5 min readBy Niclas Hoffmann · HVNH AI

In short

An AI agent can automatically keep pallet accounts per customer from delivery notes and receipts, continuously reconcile open balances, and actively flag larger discrepancies for clarification. Instead of recalculating in a spreadsheet at year-end, the balance is always current.

Why pallet accounts so often get out of hand

Euro pallets, cage pallets and other reusable containers are literally cash — yet many forwarders and warehouses still keep their pallet accounts in a spreadsheet maintained by one person, or not systematically at all. Every delivery and every pickup involves a pallet exchange: how many were swapped, how many remain open, which customer owes whom what. Over time, practically every business loses track.

The consequences are familiar:

  • Pallet slips get recorded by hand or not at all — proof is missing when a customer disputes a discrepancy
  • Open balances grow unnoticed until a pallet reconciliation with the customer turns into an uncomfortable argument
  • Shortfalls with individual customers only become visible once your own pallet stock has noticeably shrunk
  • Settlement deliveries get forgotten or requested twice, because nobody knows the current balance
  • At year-end, a tedious inventory of empties accounts across all customers begins

The core problem: pallet exchange is a running bookkeeping process, much like an account ledger — if it isn't booked continuously but only tracked sporadically, gaps and discrepancies inevitably appear.

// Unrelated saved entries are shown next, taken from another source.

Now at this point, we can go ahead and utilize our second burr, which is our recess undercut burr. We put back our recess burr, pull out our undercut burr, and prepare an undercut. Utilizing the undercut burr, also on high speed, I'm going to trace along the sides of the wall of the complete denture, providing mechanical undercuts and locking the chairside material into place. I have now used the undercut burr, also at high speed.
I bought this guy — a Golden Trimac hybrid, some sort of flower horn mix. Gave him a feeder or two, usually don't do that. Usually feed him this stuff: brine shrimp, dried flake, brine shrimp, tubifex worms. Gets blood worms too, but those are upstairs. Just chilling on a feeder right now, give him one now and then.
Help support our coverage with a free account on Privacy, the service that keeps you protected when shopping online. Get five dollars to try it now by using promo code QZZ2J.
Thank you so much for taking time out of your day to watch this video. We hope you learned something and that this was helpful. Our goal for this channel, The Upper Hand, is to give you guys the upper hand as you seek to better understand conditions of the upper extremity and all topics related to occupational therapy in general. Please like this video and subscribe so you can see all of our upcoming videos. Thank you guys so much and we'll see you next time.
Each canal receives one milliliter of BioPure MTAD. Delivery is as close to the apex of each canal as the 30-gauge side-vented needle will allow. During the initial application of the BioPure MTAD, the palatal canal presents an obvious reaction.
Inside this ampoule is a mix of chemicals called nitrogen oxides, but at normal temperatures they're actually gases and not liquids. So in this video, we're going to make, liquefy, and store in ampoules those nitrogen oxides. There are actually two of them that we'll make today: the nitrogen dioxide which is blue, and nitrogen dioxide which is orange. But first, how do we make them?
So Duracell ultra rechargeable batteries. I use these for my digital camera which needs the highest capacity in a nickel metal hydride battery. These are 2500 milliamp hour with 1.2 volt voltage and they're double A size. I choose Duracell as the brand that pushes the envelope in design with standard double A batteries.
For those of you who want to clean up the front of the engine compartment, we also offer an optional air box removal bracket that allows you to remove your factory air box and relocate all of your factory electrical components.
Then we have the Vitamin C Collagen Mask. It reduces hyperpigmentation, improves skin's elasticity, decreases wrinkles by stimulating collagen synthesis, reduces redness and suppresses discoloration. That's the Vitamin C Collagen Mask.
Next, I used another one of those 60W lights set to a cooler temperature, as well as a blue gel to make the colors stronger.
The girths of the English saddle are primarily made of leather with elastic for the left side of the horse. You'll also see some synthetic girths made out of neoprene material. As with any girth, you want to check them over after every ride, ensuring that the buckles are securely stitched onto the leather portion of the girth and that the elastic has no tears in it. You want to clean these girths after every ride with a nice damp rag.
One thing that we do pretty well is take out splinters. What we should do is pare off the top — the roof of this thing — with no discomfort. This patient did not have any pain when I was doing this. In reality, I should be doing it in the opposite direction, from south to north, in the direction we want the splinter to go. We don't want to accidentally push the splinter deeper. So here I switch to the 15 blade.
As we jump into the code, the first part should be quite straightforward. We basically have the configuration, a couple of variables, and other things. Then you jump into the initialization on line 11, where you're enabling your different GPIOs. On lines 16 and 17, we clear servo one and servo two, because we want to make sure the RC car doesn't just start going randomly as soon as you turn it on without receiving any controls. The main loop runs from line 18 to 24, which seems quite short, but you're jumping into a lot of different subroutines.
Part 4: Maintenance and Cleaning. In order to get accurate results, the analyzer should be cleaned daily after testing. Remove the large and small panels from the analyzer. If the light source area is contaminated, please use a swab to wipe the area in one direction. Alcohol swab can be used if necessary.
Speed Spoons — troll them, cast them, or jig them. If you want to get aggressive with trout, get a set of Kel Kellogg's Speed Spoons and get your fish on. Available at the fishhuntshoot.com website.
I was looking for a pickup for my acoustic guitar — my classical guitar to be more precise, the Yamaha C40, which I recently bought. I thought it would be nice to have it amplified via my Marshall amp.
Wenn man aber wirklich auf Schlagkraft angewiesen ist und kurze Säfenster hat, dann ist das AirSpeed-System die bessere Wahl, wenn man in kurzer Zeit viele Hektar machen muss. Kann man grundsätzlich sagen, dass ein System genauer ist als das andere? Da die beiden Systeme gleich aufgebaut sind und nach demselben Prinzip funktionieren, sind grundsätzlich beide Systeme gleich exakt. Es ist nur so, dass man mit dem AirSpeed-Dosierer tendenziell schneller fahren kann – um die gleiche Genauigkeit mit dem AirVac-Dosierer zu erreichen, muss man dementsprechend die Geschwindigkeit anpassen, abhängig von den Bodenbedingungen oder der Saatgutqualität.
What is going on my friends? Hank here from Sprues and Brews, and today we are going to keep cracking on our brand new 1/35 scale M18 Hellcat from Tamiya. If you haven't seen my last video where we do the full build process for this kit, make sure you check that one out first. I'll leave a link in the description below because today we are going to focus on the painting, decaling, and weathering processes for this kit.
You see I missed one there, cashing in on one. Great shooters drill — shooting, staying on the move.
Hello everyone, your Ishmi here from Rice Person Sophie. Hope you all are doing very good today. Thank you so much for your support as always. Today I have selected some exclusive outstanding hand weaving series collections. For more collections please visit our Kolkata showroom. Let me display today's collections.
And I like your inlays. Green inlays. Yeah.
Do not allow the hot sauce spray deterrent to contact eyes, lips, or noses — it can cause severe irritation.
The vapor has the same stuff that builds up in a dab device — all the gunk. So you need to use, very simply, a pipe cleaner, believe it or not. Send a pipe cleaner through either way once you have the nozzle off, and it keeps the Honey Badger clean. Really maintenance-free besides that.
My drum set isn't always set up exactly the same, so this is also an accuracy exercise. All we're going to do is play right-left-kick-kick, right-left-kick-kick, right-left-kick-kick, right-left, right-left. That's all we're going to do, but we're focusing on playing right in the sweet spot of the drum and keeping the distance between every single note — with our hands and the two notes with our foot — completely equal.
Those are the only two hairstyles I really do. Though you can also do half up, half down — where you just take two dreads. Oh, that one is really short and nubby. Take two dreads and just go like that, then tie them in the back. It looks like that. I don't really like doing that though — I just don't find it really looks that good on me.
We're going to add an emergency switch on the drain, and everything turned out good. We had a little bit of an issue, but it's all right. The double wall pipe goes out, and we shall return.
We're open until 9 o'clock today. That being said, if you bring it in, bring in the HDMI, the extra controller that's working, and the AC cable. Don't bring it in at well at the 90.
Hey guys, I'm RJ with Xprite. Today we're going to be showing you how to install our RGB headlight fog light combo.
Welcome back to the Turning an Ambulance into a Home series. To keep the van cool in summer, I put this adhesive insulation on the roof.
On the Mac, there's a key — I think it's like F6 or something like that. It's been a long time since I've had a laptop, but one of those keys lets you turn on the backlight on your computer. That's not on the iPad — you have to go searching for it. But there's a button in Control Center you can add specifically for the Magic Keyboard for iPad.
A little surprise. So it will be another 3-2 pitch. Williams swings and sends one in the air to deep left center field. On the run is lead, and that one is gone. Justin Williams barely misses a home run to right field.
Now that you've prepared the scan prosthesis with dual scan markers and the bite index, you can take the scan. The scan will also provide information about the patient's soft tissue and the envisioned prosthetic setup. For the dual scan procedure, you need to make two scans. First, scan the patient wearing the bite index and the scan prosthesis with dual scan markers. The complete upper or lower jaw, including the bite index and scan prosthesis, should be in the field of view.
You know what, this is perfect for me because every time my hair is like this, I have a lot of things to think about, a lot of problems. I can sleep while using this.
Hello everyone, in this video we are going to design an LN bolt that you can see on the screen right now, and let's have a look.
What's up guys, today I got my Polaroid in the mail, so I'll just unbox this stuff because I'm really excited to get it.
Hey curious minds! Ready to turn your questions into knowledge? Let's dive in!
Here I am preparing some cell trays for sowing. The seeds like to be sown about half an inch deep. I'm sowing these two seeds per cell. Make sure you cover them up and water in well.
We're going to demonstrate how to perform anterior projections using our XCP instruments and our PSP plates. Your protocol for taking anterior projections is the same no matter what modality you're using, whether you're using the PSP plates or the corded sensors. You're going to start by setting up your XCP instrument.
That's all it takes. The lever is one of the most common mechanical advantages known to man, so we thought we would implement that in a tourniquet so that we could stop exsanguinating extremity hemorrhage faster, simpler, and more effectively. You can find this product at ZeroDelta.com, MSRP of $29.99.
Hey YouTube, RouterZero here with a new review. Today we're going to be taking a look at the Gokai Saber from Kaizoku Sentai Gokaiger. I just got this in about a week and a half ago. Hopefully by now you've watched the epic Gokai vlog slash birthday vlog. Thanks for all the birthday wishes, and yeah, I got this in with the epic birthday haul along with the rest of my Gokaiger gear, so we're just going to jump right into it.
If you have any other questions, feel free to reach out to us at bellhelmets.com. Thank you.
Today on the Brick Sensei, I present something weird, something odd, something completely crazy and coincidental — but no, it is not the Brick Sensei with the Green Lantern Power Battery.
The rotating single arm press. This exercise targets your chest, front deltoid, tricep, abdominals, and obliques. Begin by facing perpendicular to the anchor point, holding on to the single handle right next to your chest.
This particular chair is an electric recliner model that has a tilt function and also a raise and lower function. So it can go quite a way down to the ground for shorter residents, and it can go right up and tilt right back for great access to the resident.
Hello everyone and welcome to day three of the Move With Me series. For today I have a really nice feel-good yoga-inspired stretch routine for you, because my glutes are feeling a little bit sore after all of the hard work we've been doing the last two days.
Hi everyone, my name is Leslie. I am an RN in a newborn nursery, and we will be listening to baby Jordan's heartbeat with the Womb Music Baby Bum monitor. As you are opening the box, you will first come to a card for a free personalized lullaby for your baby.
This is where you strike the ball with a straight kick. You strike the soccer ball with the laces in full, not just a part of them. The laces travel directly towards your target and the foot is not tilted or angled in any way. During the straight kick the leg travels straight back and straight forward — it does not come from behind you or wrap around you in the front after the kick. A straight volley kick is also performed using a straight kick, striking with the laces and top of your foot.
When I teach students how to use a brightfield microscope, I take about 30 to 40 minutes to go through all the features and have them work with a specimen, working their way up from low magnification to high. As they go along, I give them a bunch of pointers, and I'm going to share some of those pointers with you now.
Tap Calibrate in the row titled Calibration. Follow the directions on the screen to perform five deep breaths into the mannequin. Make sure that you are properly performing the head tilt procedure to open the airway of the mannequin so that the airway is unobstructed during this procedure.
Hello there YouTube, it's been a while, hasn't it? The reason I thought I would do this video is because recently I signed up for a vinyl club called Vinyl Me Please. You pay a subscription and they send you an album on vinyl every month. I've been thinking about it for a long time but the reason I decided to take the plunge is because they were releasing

How an AI agent takes over empties management

Step 1: Automatically capture pallet exchange

The agent reads delivery notes, pallet slips and receipts — whether captured digitally, scanned or photographed — and automatically books the exchange to the respective customer's account.

Step 2: Keep accounts running continuously

Every customer has a current balance: how many pallets or cage pallets are open, since when, and from which deliveries. The balance is retrievable at any time, instead of being laboriously totalled once a quarter.

Step 3: Detect discrepancies

If a booking deviates from expectation — for example, a pallet slip is missing or a quantity is unusually high — the agent flags the case for review instead of booking it without comment.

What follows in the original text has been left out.